The Weil family is one of the richest families in Israel but maintains a relatively low profile. It previously sold its shares in Osem to Nestlé in 1997 and in the past also controlled energy company Enlight alongside Shaul Elovitch.
The Weil family held 100% of Pango until 2020 when it sold a 44% stake at a company value of NIS 550 million.
Gett was founded 14 years ago by Dave Waiser and Roi More, who have not been actively involved in the company for years. Gett announced Waiser's departure in May 2022. Max Krasnykh and Matteo de Renzi, who were previously COO and Managing Director of GTM and UK, respectively, replaced Waiser as co-CEOs.

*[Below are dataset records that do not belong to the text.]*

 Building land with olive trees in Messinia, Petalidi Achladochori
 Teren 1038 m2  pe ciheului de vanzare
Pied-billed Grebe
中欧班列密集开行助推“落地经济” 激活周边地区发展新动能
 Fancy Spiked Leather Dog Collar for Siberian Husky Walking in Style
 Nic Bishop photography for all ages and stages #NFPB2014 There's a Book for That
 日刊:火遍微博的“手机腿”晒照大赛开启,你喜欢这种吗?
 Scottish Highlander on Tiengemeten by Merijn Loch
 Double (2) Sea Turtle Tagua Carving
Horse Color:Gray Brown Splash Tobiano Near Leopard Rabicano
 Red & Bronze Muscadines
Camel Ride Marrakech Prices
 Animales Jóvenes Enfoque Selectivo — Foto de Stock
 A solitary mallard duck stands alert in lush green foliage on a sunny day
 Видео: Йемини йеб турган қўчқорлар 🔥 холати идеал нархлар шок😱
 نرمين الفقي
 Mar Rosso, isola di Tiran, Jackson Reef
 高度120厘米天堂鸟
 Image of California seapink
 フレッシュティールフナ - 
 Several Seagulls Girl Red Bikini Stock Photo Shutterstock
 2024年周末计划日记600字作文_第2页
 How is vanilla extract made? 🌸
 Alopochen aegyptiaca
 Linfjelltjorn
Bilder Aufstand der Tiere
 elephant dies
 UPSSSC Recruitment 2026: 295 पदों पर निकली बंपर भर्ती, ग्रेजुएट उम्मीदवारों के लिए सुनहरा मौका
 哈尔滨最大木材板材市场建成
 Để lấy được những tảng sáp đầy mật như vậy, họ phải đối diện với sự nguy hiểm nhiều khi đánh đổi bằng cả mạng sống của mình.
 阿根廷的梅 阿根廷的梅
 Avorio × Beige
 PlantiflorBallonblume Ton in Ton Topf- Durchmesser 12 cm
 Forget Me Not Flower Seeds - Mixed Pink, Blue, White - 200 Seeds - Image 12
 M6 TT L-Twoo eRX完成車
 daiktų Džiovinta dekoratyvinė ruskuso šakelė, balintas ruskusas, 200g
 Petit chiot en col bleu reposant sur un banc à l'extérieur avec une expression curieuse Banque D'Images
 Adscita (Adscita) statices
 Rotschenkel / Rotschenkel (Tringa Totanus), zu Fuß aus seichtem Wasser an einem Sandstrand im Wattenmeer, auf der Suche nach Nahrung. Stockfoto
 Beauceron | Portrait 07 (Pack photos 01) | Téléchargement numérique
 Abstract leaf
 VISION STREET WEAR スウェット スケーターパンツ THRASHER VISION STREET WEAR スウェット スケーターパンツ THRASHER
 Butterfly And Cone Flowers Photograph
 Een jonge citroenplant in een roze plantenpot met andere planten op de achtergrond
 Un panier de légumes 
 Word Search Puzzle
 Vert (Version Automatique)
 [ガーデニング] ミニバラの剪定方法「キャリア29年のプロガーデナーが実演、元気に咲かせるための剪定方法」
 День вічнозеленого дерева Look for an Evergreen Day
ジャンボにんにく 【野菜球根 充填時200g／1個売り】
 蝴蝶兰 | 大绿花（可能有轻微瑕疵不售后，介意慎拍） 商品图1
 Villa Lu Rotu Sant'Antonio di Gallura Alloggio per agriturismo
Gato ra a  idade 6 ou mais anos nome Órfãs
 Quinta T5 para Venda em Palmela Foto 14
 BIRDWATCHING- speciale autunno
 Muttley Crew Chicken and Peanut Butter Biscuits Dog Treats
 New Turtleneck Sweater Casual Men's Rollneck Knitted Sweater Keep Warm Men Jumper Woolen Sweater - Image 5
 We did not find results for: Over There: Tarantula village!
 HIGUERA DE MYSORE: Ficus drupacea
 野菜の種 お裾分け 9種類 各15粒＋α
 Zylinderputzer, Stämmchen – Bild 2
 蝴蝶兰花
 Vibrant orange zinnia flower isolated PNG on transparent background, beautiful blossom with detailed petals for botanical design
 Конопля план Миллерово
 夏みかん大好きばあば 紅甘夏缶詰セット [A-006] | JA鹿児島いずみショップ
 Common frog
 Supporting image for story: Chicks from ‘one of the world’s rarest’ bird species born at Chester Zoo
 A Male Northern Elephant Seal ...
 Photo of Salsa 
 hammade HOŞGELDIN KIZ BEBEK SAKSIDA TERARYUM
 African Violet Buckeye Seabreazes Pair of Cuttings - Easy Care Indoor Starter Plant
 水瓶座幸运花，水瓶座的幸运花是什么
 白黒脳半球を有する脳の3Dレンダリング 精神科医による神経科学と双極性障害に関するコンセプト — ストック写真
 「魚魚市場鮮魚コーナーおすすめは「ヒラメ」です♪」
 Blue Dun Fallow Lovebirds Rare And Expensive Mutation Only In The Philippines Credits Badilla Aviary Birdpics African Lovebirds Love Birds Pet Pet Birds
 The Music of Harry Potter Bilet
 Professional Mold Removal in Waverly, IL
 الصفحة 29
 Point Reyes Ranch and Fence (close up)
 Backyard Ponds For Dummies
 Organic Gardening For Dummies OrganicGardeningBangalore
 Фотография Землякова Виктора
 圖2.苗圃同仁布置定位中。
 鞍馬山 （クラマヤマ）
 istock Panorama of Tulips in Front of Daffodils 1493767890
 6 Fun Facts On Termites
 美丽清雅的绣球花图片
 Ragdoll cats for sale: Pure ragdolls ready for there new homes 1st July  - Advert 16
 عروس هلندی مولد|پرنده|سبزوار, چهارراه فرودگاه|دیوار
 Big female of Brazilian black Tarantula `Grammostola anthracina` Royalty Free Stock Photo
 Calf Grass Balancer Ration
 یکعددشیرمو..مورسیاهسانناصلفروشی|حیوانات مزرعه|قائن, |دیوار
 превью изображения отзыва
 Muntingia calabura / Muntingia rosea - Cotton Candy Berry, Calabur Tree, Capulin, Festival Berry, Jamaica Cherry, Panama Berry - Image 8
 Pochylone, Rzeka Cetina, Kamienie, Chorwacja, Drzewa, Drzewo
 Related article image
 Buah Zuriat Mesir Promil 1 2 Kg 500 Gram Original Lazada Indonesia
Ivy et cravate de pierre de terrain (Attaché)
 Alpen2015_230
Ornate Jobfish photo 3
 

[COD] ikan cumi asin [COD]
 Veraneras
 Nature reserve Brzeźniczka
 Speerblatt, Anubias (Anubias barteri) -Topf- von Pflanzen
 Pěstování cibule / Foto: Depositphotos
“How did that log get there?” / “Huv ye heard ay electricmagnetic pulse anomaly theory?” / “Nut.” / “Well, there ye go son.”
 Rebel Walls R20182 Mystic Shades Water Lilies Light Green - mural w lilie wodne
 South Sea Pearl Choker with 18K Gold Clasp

The company initially operated in the U.S., Russia, the UK, and Israel, but over the years, it withdrew from Russia and the U.S. In 2019, Gett pursued an IPO on Nasdaq at a valuation of $1.1 billion through a merger with a SPAC named Rosecliff Acquisition Corp I. The potential IPO caused discontent among employees who were disappointed by the low valuation compared to the options they held.
In 2020, the company announced a round of funding totaling $100 million at a valuation of $1.5 billion and postponed the IPO. The merger with the SPAC was expected to inject $250 million into the company.
In April 2022, the IPO was canceled, and simultaneously, Gett announced its exit from operations in Russia, which, along with Great Britain and Israel, had been one of its three main markets since exiting the U.S. in 2018. The exit from Russia was due to the sanctions imposed by the U.S. on Russia following the war with Ukraine and fierce competition with Yandex.
A month after the IPO cancellation, Waiser announced his departure from the company.
In a recent report to investors, VNV stated that Gett would focus in the coming period on product improvement, solutions for business travelers, and new business opportunities.
The exit from Russia has improved Gett's financial situation, reducing cash burn significantly and transitioning to a new operating model. Instead of offering taxi transportation services, Gett now defines itself as a corporate software company for organizations (B2B). It operates a cloud-based software platform that enables the booking of trips by taxis, limousines, and private cars. This service is offered to organizations worldwide, establishing active partnerships with over 2,000 organizations.